## ABOUT THIS EXERCISE:
From the records below, please repeat exactly the line that has "The Dead Marshes - The Lord of the Rings 1/6", the line that has "MEN'S PAJAMAS L/S", and every line between them, and nothing else.

## TASK MATERIAL:
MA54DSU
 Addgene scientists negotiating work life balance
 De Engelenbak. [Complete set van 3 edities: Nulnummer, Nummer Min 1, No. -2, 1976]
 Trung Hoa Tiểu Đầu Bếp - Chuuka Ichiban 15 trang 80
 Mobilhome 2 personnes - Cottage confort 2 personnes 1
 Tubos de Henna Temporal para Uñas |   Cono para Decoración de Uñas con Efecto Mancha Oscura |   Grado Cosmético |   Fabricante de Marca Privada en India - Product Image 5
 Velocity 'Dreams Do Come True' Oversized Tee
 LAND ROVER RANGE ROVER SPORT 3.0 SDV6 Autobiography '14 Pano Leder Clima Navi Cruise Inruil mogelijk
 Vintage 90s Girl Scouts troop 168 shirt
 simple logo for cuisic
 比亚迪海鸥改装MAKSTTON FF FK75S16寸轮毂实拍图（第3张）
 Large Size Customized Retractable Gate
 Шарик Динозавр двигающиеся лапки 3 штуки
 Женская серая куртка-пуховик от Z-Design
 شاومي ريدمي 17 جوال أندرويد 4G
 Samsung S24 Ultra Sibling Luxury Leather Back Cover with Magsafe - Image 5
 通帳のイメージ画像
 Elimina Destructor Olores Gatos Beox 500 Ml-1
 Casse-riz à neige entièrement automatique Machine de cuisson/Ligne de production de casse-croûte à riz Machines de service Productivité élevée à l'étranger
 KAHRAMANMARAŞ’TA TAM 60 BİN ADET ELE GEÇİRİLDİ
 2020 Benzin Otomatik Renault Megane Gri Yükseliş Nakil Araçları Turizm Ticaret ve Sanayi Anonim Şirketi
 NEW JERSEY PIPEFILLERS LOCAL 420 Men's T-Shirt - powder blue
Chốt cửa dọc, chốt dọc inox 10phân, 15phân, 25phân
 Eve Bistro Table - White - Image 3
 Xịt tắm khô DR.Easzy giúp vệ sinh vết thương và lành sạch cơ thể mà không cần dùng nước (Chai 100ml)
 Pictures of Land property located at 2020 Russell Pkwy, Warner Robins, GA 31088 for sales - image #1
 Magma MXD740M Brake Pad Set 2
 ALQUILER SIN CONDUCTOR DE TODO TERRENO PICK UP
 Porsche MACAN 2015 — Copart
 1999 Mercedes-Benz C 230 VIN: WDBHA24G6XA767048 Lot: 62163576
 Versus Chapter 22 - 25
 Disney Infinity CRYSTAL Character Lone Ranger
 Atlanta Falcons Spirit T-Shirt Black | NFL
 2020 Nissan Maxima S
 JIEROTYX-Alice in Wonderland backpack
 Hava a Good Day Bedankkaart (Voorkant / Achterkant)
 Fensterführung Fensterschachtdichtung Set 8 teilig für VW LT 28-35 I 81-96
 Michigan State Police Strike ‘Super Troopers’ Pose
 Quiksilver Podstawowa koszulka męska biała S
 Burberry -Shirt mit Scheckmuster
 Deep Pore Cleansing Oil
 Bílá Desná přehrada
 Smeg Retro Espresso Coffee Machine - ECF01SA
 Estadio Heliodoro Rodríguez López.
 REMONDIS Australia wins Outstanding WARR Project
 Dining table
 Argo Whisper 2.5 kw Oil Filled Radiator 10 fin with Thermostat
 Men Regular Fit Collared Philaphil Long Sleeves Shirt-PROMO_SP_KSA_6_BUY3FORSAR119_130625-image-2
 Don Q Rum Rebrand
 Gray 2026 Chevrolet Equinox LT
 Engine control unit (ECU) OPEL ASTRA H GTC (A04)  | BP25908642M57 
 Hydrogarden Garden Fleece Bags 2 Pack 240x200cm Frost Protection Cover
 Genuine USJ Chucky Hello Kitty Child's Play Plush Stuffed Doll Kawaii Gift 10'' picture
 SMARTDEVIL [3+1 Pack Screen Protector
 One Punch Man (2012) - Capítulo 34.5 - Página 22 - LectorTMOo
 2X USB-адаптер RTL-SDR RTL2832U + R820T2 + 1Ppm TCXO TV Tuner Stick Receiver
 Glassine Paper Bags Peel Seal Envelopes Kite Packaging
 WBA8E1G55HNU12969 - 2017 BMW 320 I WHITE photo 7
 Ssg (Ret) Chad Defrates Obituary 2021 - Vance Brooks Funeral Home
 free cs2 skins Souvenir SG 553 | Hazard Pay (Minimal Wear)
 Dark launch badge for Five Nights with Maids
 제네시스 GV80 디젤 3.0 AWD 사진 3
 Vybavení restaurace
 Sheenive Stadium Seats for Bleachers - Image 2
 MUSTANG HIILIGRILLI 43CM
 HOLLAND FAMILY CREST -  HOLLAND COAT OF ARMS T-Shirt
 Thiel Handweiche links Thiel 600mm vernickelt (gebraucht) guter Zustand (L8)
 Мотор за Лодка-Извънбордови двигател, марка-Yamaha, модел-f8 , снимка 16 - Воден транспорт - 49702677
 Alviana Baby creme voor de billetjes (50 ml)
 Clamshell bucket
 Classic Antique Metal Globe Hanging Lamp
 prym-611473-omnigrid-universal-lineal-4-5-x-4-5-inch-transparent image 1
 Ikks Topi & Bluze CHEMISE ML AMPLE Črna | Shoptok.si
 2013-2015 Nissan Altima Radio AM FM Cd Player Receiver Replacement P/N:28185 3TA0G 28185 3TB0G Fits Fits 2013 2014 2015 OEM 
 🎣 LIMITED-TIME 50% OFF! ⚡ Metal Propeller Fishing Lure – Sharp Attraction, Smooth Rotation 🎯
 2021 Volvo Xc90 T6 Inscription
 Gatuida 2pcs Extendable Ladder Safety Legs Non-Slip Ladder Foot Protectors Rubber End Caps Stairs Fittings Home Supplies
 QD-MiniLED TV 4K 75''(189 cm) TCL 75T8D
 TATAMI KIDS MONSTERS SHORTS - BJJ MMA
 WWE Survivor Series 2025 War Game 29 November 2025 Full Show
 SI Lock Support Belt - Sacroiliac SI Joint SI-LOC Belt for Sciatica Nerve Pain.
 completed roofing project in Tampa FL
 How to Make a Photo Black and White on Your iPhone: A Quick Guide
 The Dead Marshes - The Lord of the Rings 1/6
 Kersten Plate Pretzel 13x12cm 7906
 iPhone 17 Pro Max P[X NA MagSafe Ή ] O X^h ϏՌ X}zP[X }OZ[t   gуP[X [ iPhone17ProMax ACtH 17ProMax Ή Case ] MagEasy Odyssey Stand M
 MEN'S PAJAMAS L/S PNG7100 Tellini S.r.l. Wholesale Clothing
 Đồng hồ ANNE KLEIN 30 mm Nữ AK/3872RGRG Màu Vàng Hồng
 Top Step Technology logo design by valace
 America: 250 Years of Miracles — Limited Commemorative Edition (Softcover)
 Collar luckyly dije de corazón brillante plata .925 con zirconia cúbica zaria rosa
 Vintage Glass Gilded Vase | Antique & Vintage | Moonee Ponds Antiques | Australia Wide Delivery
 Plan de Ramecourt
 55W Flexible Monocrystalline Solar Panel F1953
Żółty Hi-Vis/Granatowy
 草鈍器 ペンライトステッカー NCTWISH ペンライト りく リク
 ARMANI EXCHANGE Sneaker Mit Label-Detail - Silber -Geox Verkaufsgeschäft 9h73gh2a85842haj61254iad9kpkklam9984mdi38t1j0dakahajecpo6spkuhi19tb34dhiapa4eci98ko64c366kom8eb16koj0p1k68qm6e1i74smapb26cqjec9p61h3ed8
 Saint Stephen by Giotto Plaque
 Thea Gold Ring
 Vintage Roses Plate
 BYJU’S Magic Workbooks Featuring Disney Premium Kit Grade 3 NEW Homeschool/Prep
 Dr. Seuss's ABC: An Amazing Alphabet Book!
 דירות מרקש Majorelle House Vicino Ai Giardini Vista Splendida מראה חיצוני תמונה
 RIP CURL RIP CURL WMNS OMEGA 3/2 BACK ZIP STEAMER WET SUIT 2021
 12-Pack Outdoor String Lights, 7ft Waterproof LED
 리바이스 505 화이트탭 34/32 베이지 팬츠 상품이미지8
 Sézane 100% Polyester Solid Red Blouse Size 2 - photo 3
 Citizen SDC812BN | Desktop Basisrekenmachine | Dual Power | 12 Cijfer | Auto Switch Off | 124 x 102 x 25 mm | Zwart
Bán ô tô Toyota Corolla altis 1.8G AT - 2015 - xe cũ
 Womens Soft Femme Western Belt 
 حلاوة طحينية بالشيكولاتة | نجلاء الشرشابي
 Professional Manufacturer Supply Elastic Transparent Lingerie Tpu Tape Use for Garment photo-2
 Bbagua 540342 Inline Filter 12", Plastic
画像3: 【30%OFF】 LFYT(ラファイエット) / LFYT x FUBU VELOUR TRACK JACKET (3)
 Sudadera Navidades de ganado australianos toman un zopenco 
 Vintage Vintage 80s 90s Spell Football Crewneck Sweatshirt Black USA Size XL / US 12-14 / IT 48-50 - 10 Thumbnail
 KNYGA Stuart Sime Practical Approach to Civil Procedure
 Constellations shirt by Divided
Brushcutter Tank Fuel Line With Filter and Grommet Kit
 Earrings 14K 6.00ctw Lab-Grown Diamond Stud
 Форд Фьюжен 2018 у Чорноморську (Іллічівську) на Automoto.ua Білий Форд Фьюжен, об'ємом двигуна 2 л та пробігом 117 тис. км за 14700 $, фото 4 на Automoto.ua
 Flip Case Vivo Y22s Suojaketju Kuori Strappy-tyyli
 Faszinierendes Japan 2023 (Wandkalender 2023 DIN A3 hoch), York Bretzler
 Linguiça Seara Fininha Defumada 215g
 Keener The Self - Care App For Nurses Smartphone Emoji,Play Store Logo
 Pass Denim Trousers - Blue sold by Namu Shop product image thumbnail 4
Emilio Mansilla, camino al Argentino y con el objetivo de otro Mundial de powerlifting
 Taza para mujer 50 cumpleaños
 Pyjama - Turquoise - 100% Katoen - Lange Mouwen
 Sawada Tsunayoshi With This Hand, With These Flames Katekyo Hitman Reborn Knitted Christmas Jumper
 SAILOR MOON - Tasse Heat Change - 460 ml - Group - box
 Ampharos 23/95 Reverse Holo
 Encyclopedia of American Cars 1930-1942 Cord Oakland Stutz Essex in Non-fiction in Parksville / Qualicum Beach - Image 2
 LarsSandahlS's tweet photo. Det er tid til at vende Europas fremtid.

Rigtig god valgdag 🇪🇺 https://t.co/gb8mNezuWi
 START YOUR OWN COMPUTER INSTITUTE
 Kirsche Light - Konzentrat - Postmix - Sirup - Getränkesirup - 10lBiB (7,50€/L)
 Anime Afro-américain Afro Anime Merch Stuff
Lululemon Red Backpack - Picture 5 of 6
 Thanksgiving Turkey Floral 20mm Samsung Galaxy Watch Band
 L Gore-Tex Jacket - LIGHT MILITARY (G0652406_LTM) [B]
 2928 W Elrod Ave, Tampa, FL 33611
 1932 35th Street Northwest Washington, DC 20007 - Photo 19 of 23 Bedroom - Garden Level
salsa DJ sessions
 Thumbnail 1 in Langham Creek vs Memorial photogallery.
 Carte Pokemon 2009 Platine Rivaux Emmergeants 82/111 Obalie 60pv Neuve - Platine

## WRITTEN SOLUTION:
 The Dead Marshes - The Lord of the Rings 1/6
 Kersten Plate Pretzel 13x12cm 7906
 iPhone 17 Pro Max P[X NA MagSafe Ή ] O X^h ϏՌ X}zP[X }OZ[t   gуP[X [ iPhone17ProMax ACtH 17ProMax Ή Case ] MagEasy Odyssey Stand M
 MEN'S PAJAMAS L/S PNG7100 Tellini S.r.l. Wholesale Clothing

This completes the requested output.